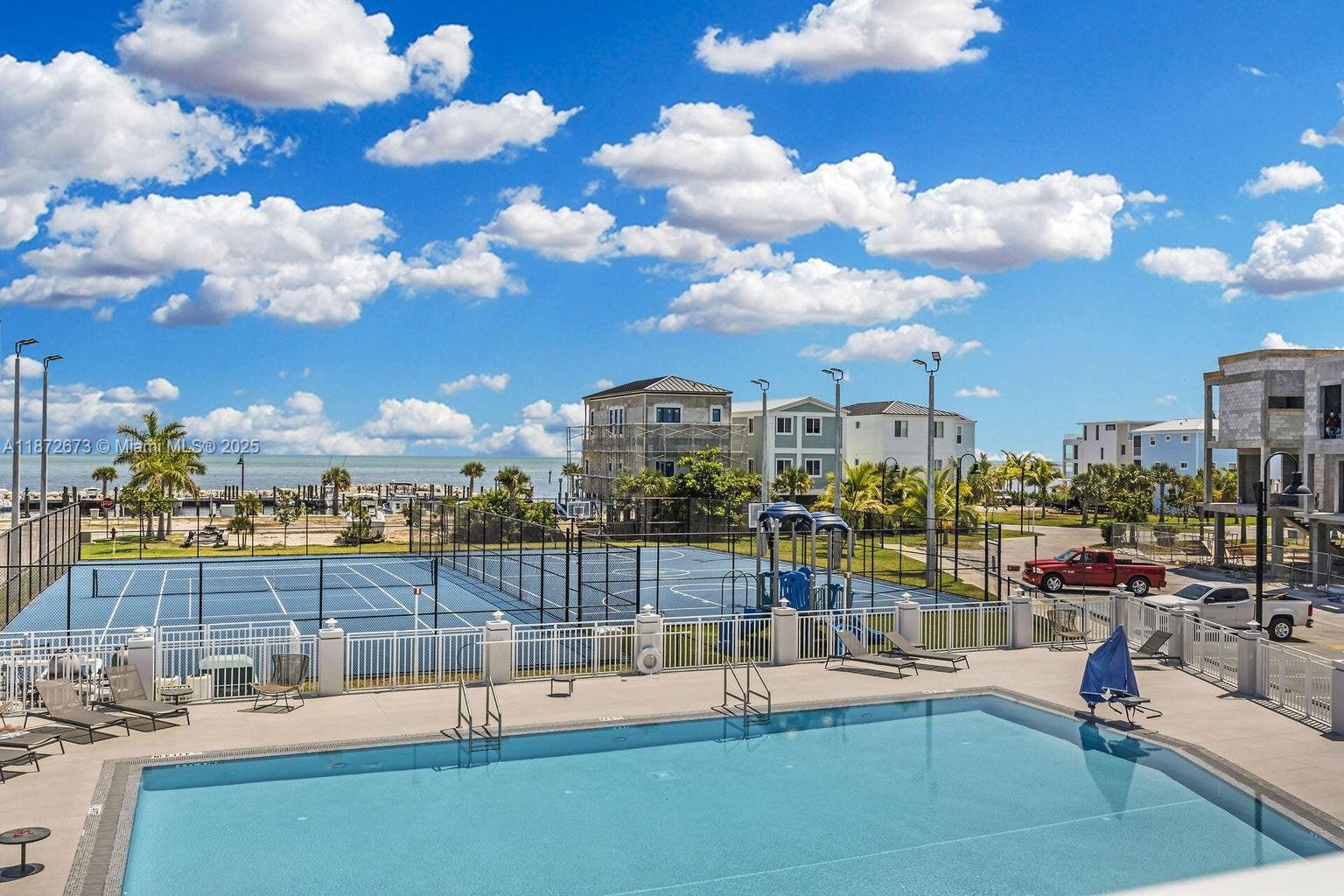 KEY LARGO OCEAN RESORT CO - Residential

· · · · ·

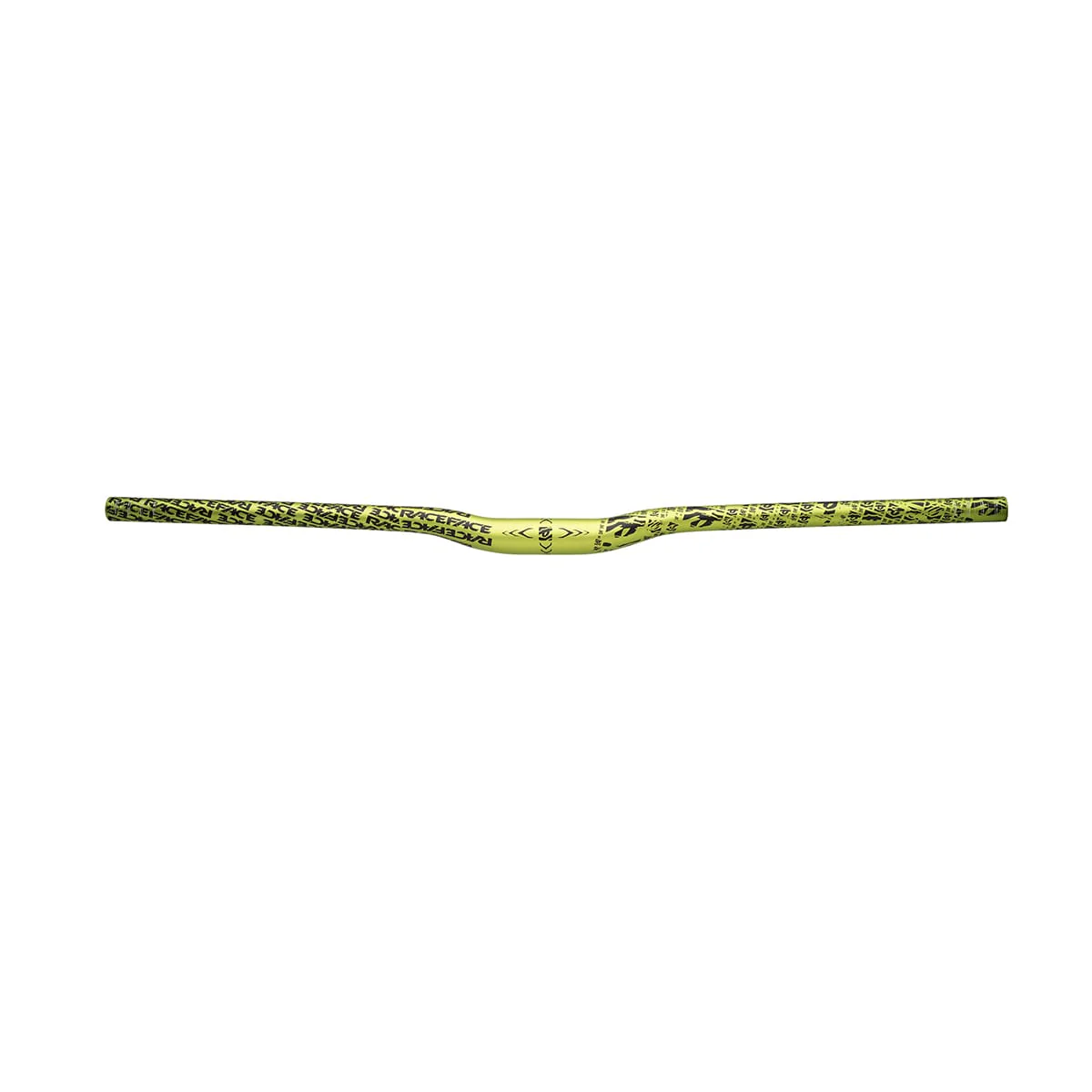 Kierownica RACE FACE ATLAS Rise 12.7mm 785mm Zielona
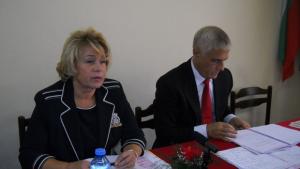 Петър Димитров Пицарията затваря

· · · · ·

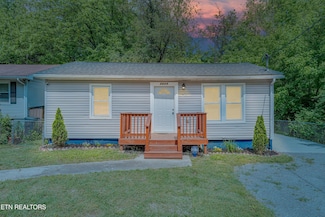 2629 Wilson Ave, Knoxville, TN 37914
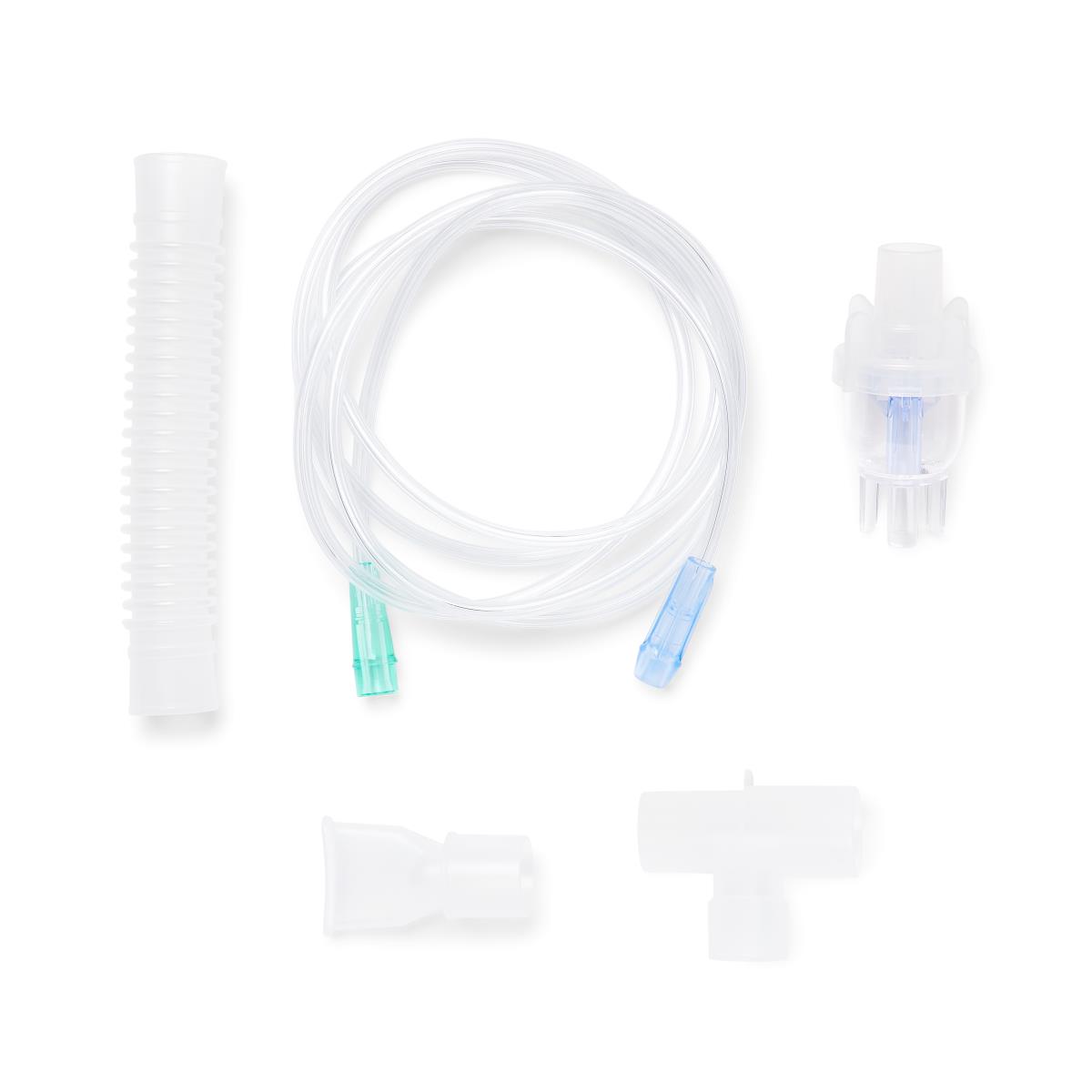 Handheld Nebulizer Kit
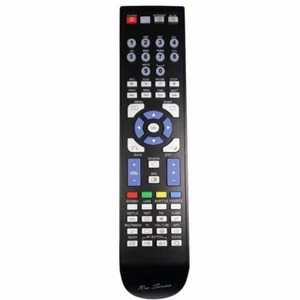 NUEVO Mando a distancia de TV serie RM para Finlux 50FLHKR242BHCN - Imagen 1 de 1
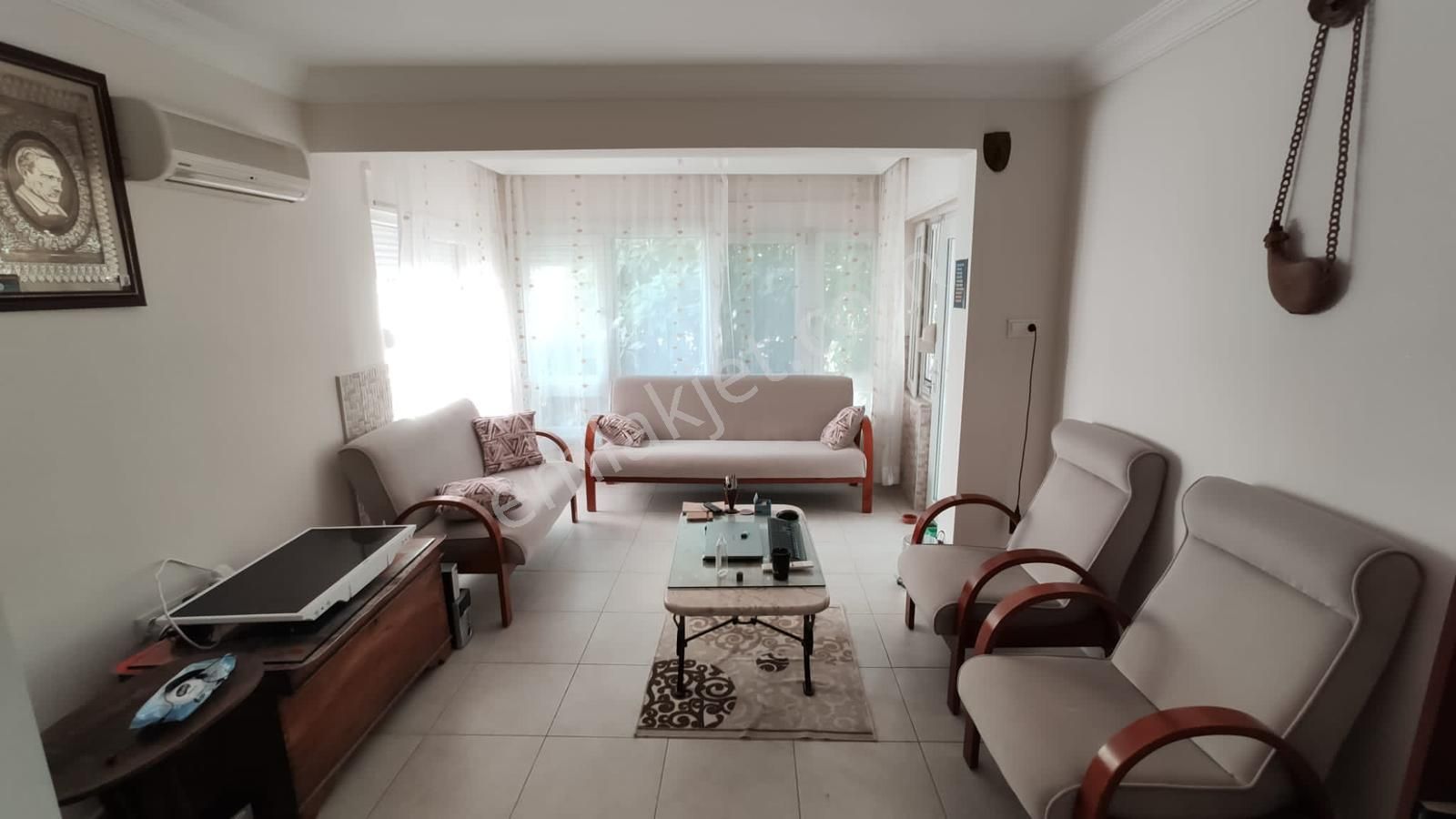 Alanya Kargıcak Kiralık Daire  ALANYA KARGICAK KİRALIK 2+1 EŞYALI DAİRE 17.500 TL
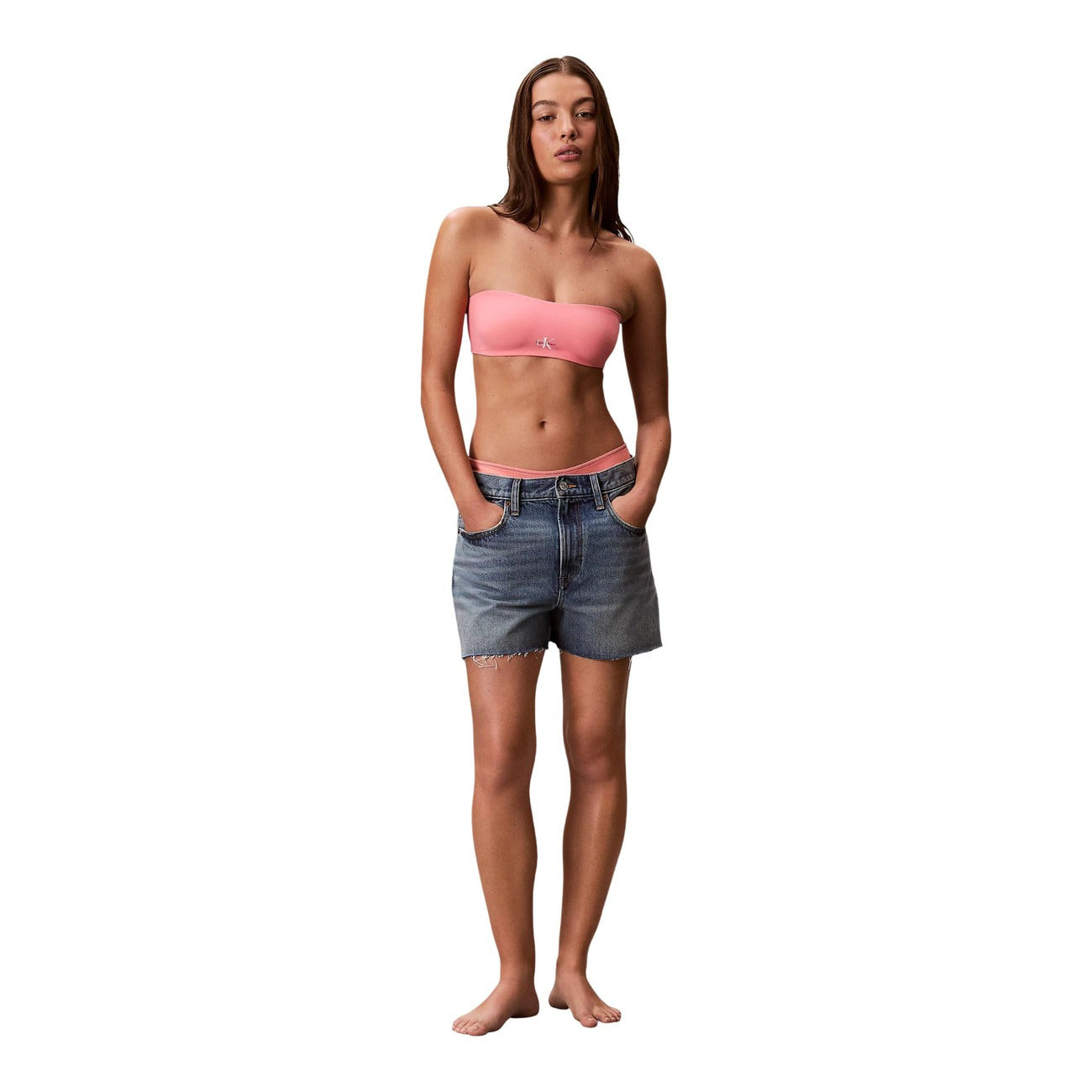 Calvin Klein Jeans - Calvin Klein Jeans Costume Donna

· · · · ·

(TASK): Copy out the listing above from the line containing "Alanya Kargıcak Kiralık" to the line containing "Calvin Klein Jeans - Calvin", both included, exactly as written and minus the images.

(RESULT OF THE EXERCISE):
 Alanya Kargıcak Kiralık Daire  ALANYA KARGICAK KİRALIK 2+1 EŞYALI DAİRE 17.500 TL
 Calvin Klein Jeans - Calvin Klein Jeans Costume Donna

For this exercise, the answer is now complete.